The modern day equivalent of the above, currently the focus of conservative periodicals and politicians across the country, is: fears of crime surges in New York City, an ever-present focus on Chicago’s vertiginous murder rate, the president’s constant and false admonitions about the “worst” and “most dangerous” cities, all of which he claims are “Democrat-run.” The list here goes on.

And, while the 45th president has complained about Barr’s ability to hand down federal indictments over the long-running inquiry into the Russiagate inquiry, Wednesday’s Journal story nonetheless bolsters an image of a company man willing even to carry out political errands.

WSJ journalist Sadie Gurman herself noted the resemblance between then and now, pointing to Barr’s “unusual public announcements highlighting efforts to fight crime as Bush faced re-election.”

Barrett’s original story–which is not an opinion piece–uses terms like “theatrics” and “old news” to describe Barr’s election-year barnstorm.
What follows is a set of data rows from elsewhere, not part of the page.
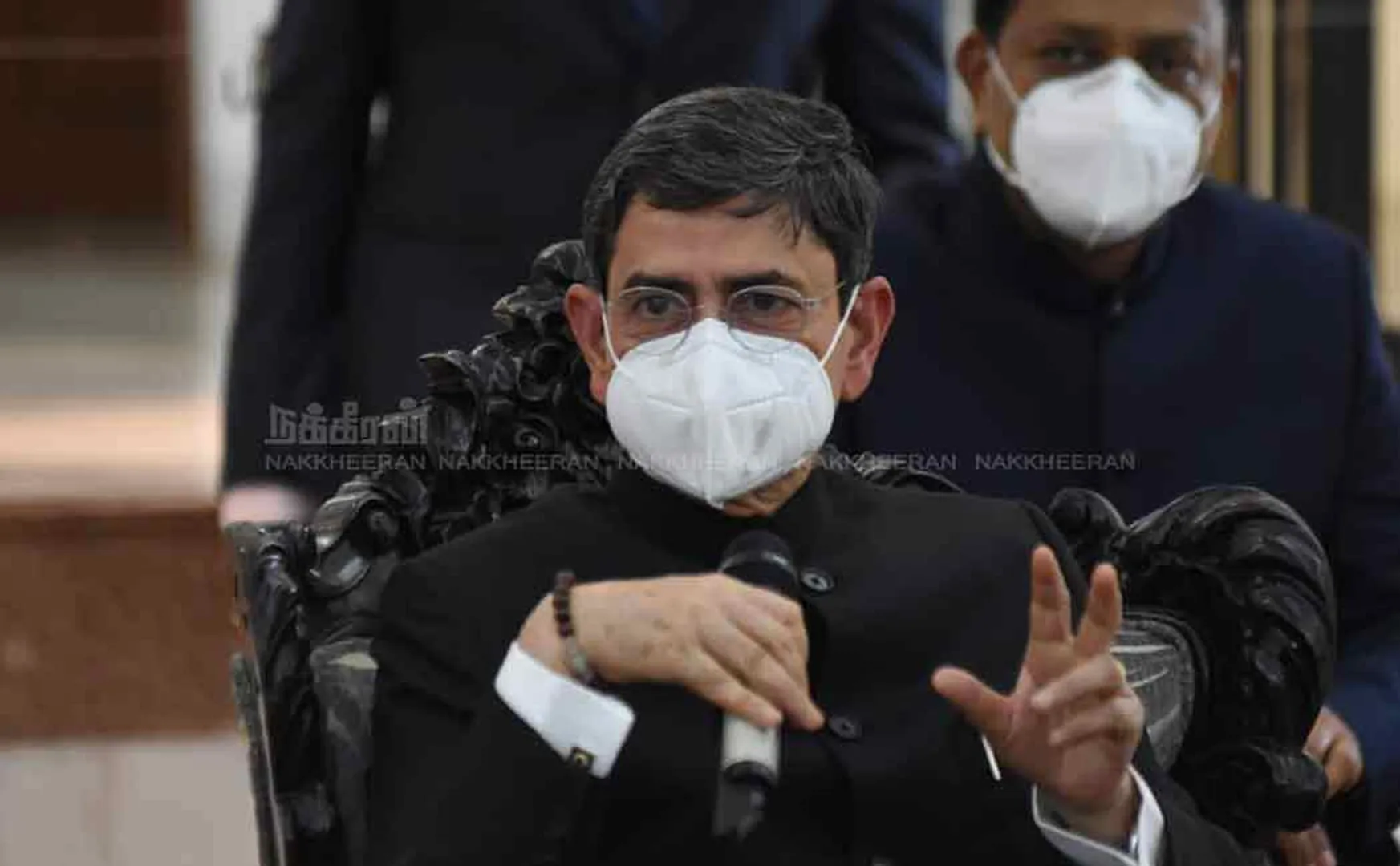 The Governor sought a report from the Tamil Nadu government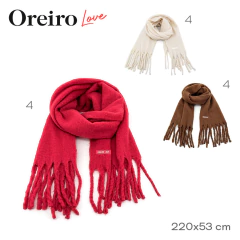 Bufanda Oreiro Love (31160)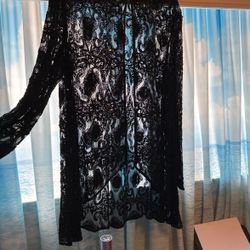 Black Sequin Jacket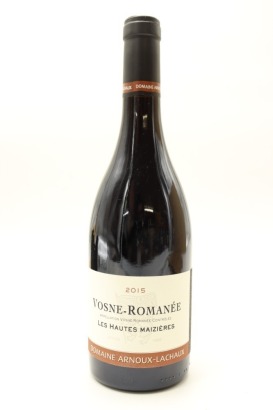 (1) 2015 Domaine Arnoux-Lachaux Vosne-Romanee Les Hautes Maizieres, Cote de Nuits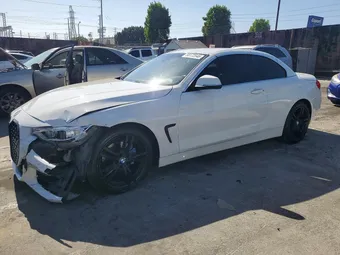 2017 BMW 4 Series WBA4U7C58H5H19338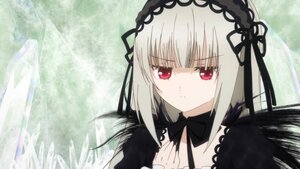 Rating: Safe Score: 0 Tags: 1girl bangs black_ribbon black_wings closed_mouth detached_collar dress expressionless eyebrows_visible_through_hair hairband image long_hair long_sleeves looking_at_viewer red_eyes ribbon silver_hair solo suigintou upper_body wings User: admin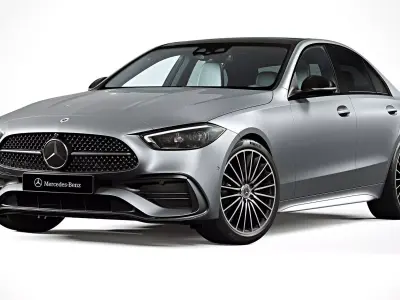 2022 Mercedes-Benz C-Class 3D model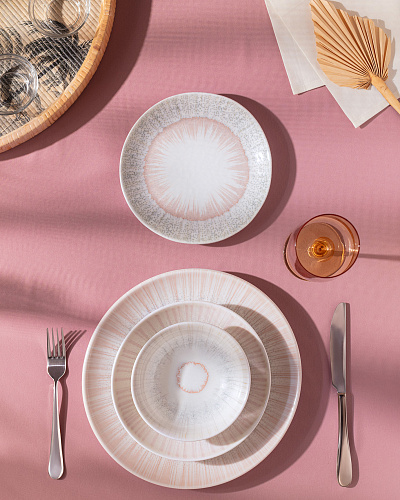 Столовый сервиз Ligne из 24 предметов, new bone фарфор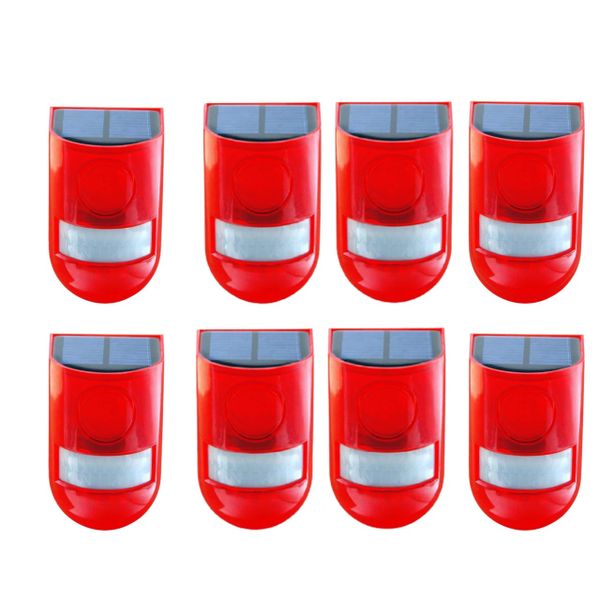 Solar Sound and Warning Light (8 Piece)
The author anonymously quoted federal agents and others as describing Barr’s heavy-handed showmanship as “for show” and an embarrassing example of “extreme overkill.”

The attorney general is now widely regarded—particularly by congressional DemocratsDOJ alumni and legal pundits—to be a fiercely partisan player who operates the DOJ like a political agency.

But in 1992, his critics were apparently surprised by such behavior. Sen. Chuck Schumer (D-N.Y.), then a member of the U.S. House of Representatives, hoped that Barr would stop the politicization of the Department of Justice.

“In a department that has been highly politicized, the appointment of someone who has never run for office nor is expected to is most welcome,” the New York City Democrat said. “I hope he will be able to reverse the trend of politics at the Department of Justice.”